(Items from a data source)
=======
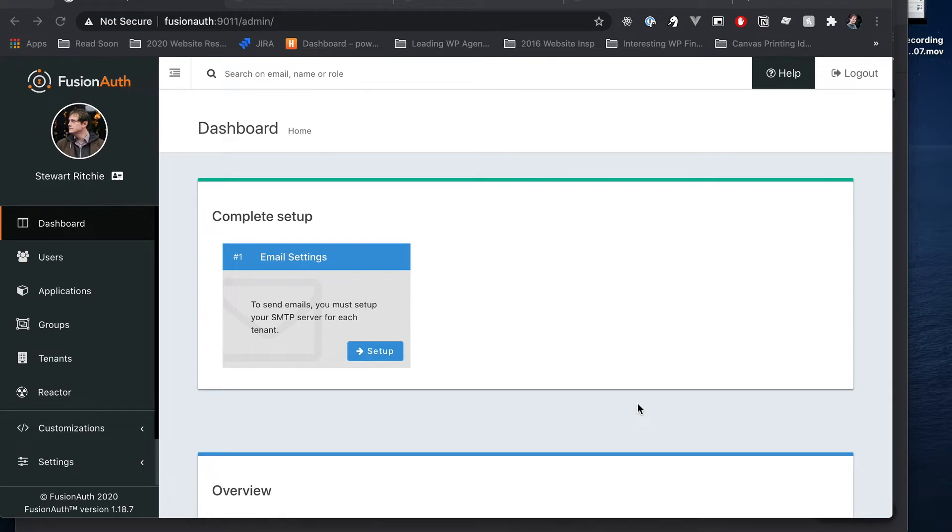Hi there. Just a quick demo on what we can do with FusionAuth and WordPress. So just a little introduction to our setup here.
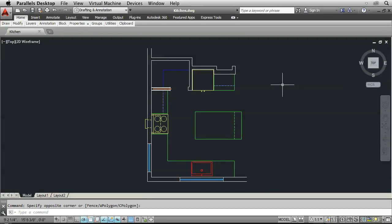In this video you're going to learn how to load the custom Lisp program that I wrote to automate the transition from AutoCAD into Photoshop and then run it.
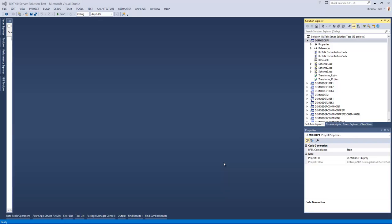We all know in BizTalk at some point you might have to GAC the DLLs in order to deploy them or to make them available for the BizTalk runtime to process. While developing, you will often need to GAC and UNGAC DLLs for testing purposes and for making sure that they are available for BizTalk.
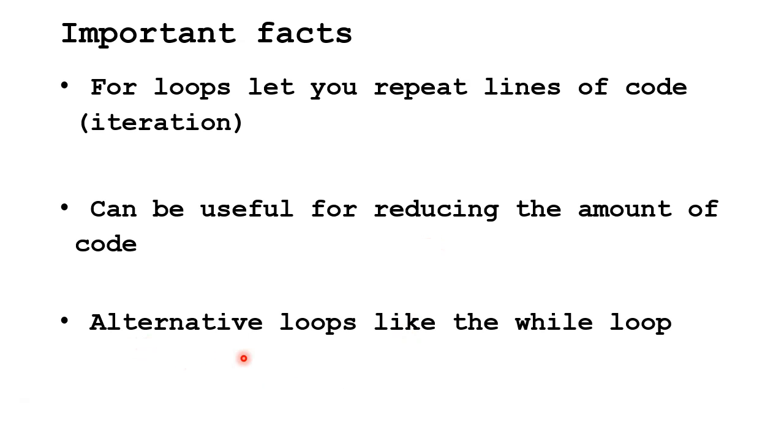There are also alternative types of loops out there like while loops, and they can be good for different things.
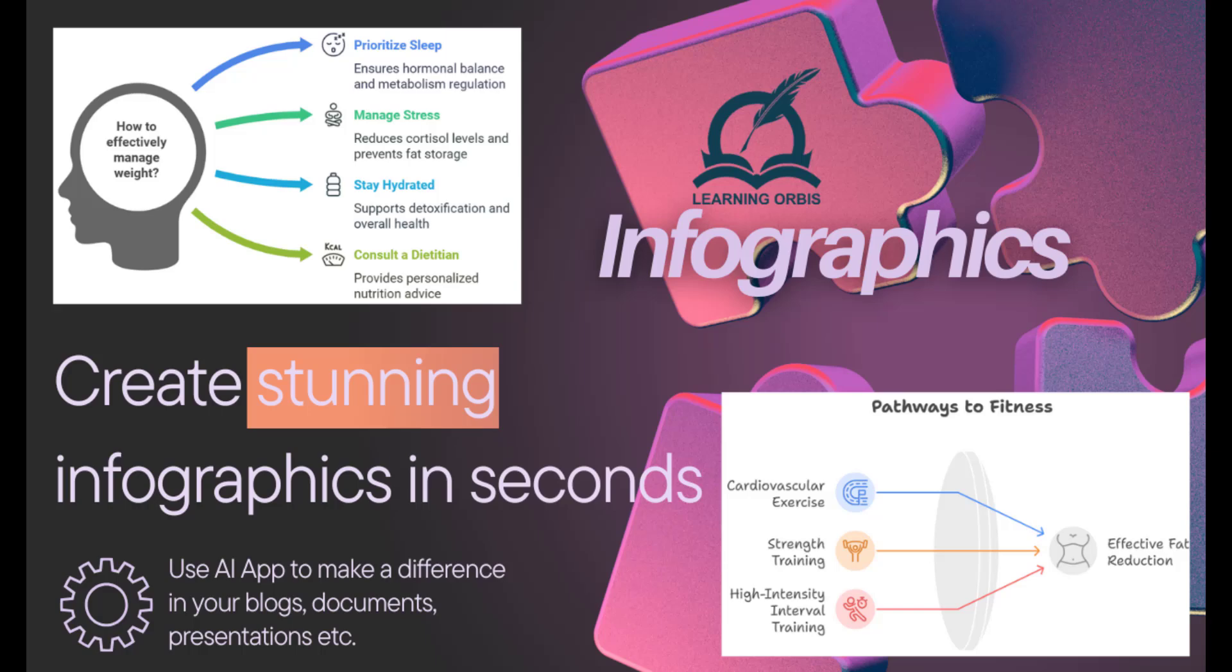If yes, and if you need to display such information through infographics, then this video is going to take you through a very nice and freely available AI tool that can help you out.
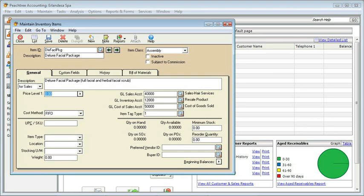We could sell this combination at the full retail price of the two materials put together, but usually when you do something like this it's going to be discounted a little bit. So I'm going to give this a price of $105. I'm not going to go through all of the different things because many of them are the same. But what you'll notice is that we're missing a field we saw before — generally between price level and cost method we get to see our last unit cost. That's not applicable to an assembly because that's going to be configured out of the bill of materials.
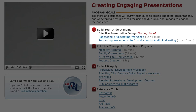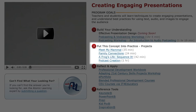These concepts aren't any good if they're not put into practice, so feel free to bring them into your classroom. We've listed some projects under the Put This Concept Into Practice section, which helps give you a good framework to practice the ideas.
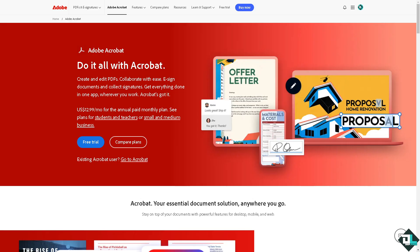From here you might want to reinstall Adobe Acrobat, especially if repair doesn't work. Uninstall the application, then download and reinstall the latest version from the Adobe website for the Adobe Acrobat online version.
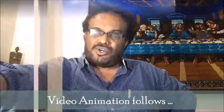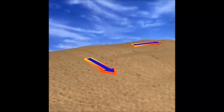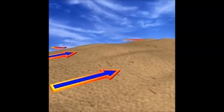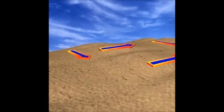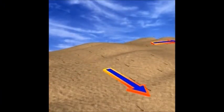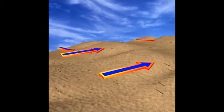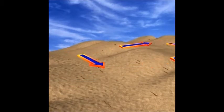The formation of seif dunes has not yet been fully explained. Geologists believe that their formation may be linked to seasonal changes in wind directions.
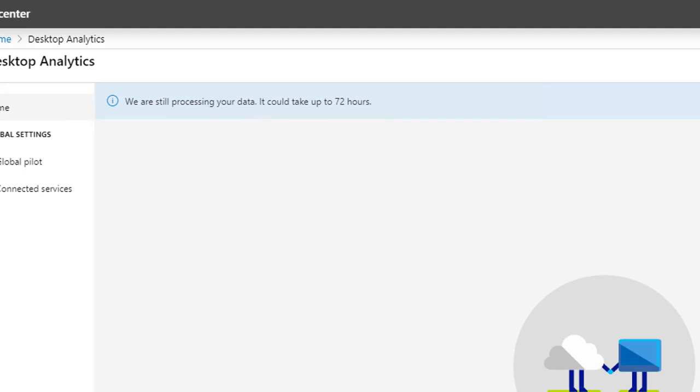So that's the process of setting up desktop analytics. In the next video, I'm going to set up the integration with the configuration manager. Thank you for watching. If you liked the video, please don't forget to subscribe to my channel and have a wonderful day.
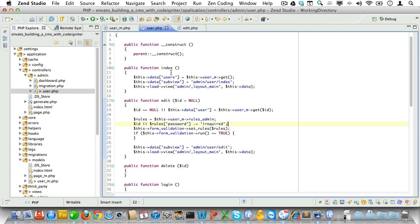Now let's populate the fields if we're editing a user. In the controller we already fetch a user if we have an ID, and we can use those values to populate the field with. But what if we don't have a user? Trying to populate the fields would result in error because we would try to call user properties that don't exist.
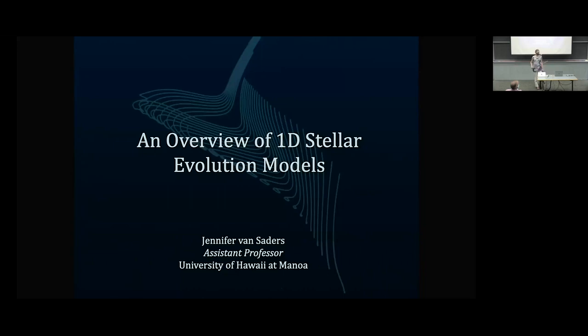Welcome everyone to the first talk of the conference. Our first speaker is Jennifer, an assistant professor at the Institute for Astronomy at the University of Hawaii. She's going to give us an overview of one-dimensional stellar evolutionary models. Welcome, Jen — take it away.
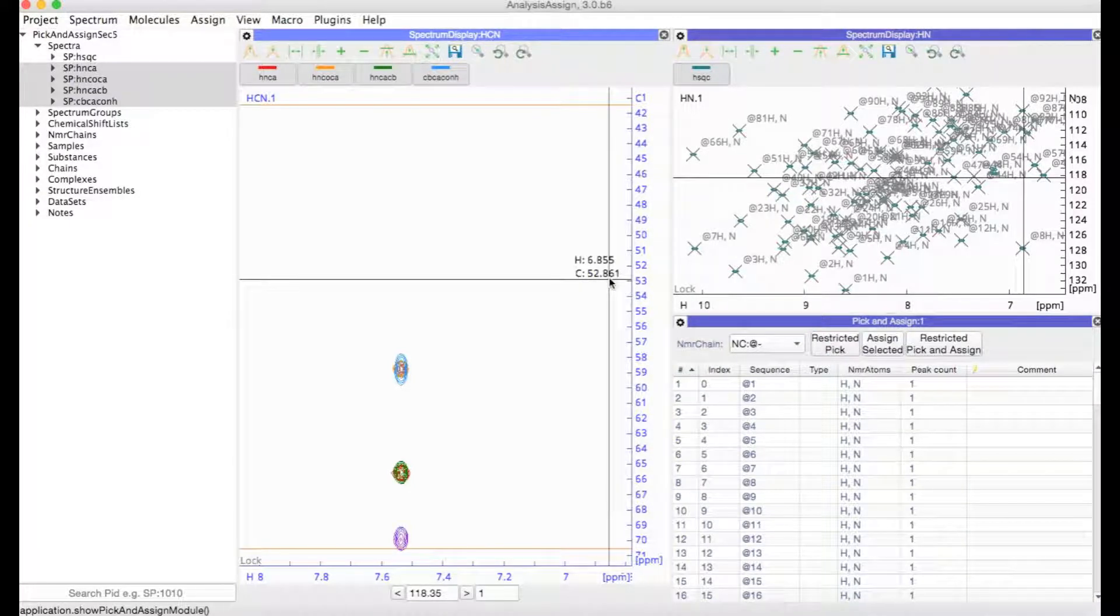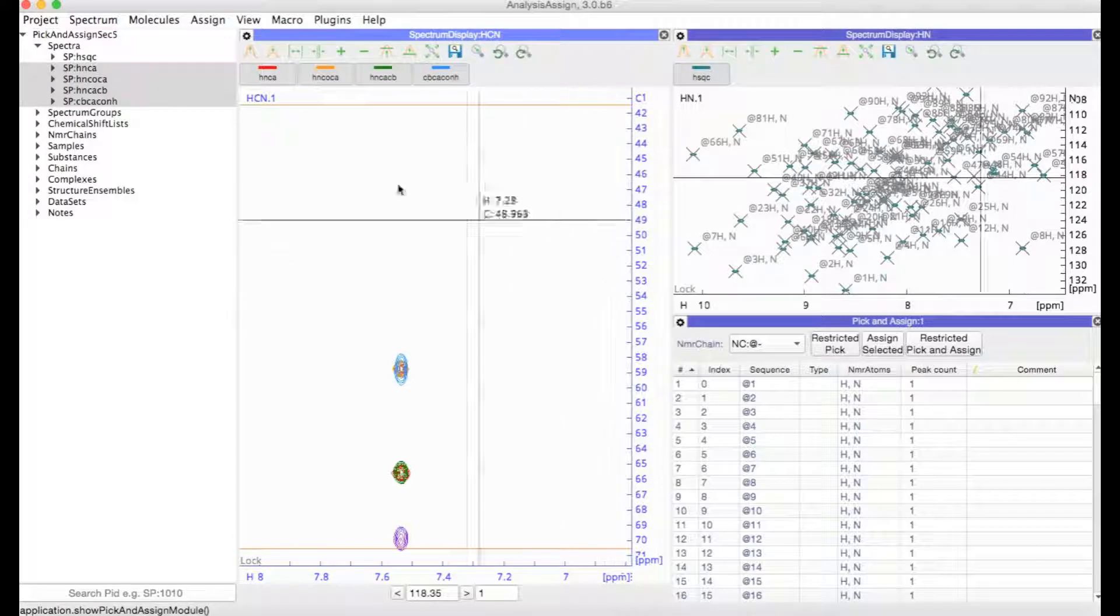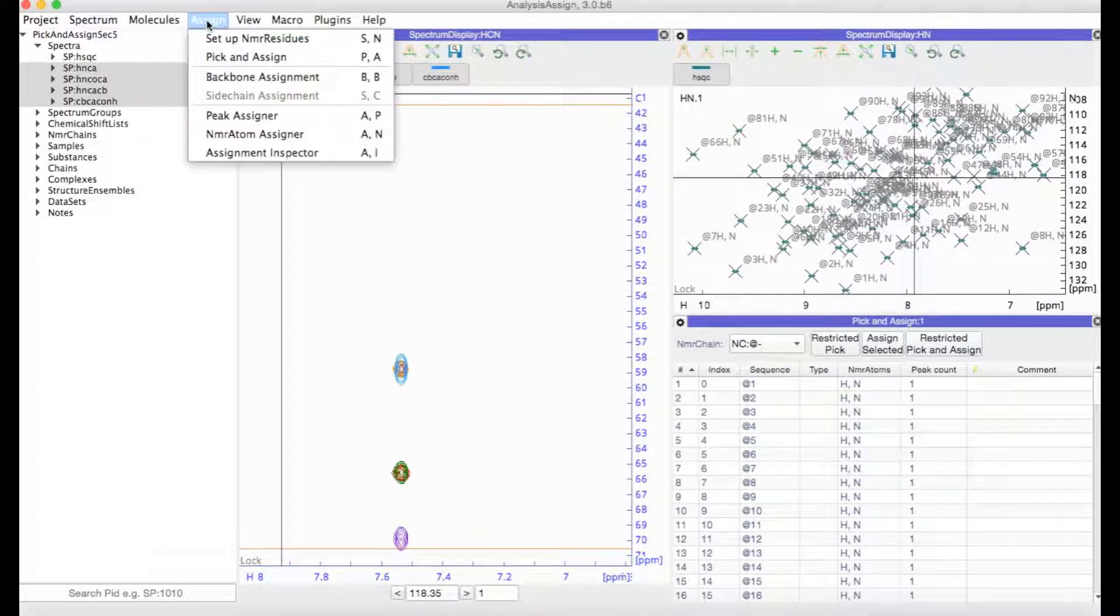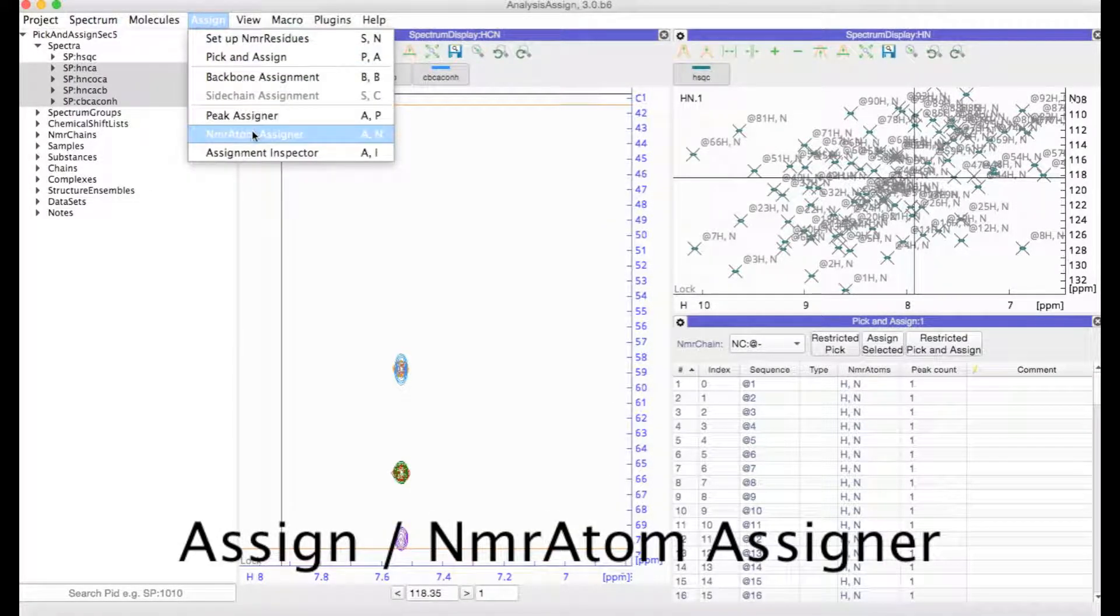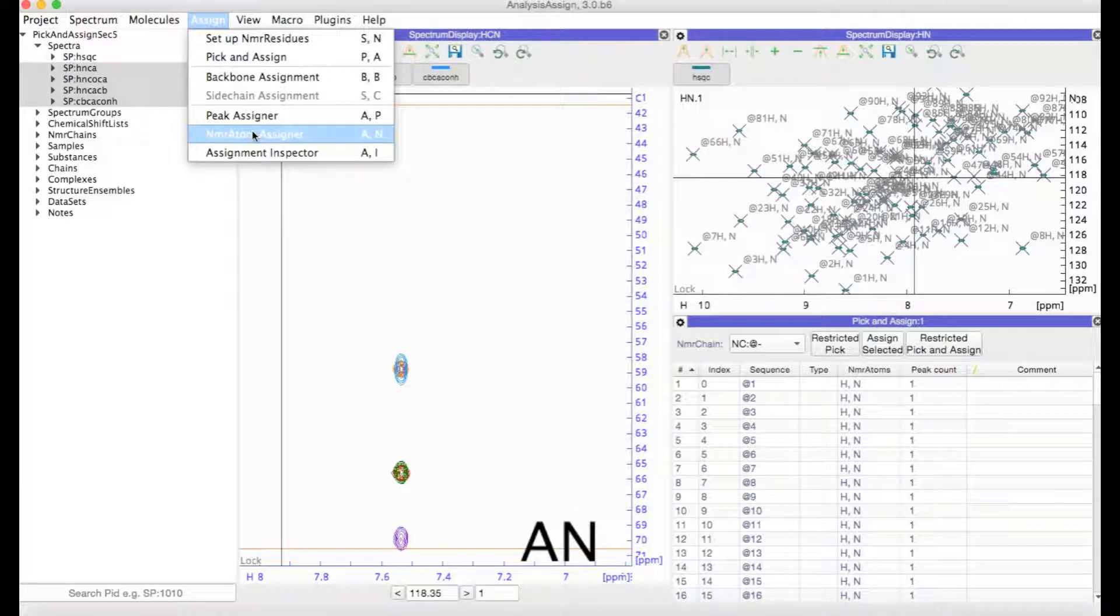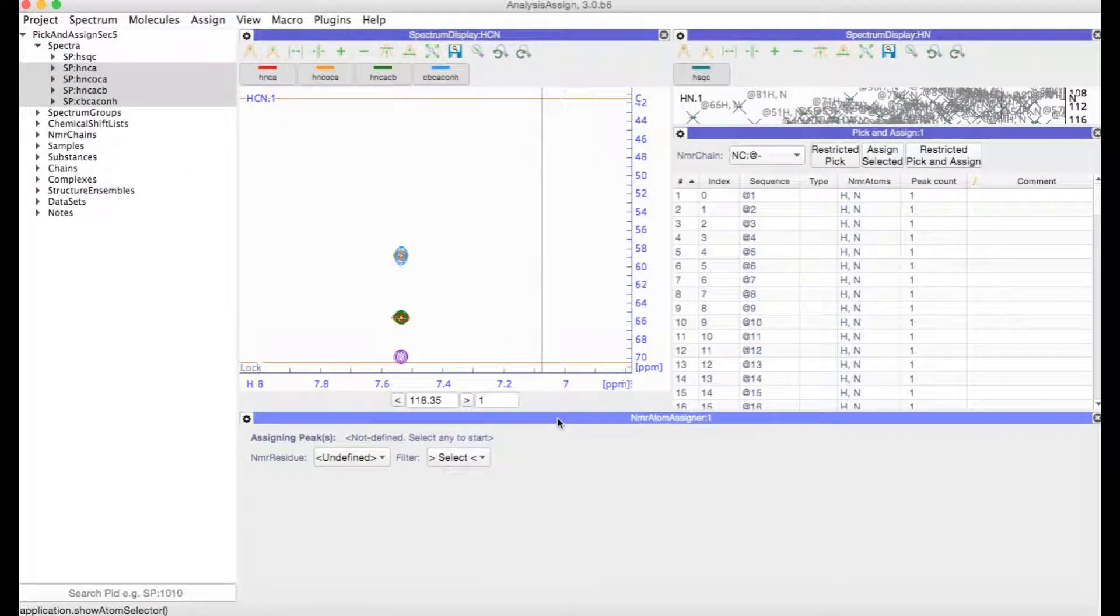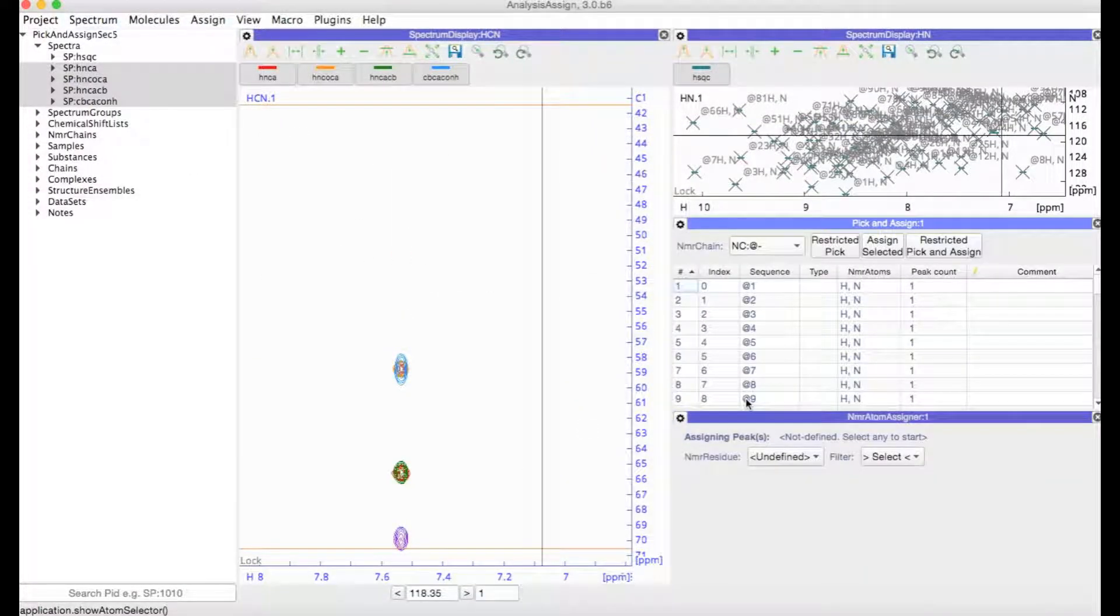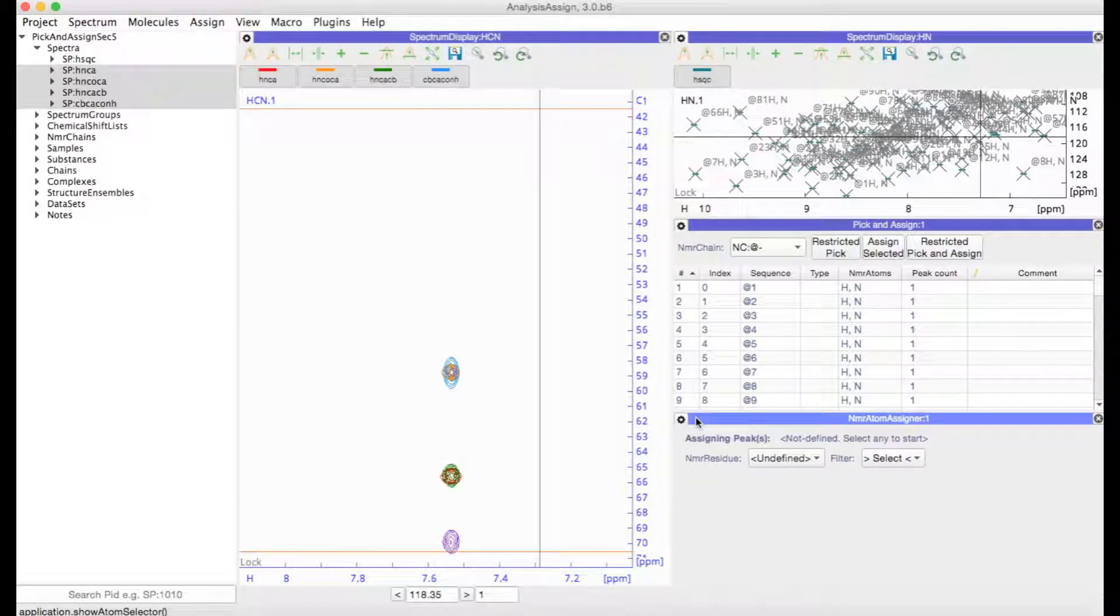It's also going to be useful to have the NMR Atom Assigner open. So you can go to Assign and then NMR Atom Assigner, or type AN for short. And then I'm going to place that over here.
=======
## What needs to be done
Could you repeat, exactly and with nothing added, the lines from the top of the entries above through the line that holds "In this video", leaving out any pictures?

## Solution for this problem
Hi there. Just a quick demo on what we can do with FusionAuth and WordPress. So just a little introduction to our setup here.
In this video you're going to learn how to load the custom Lisp program that I wrote to automate the transition from AutoCAD into Photoshop and then run it.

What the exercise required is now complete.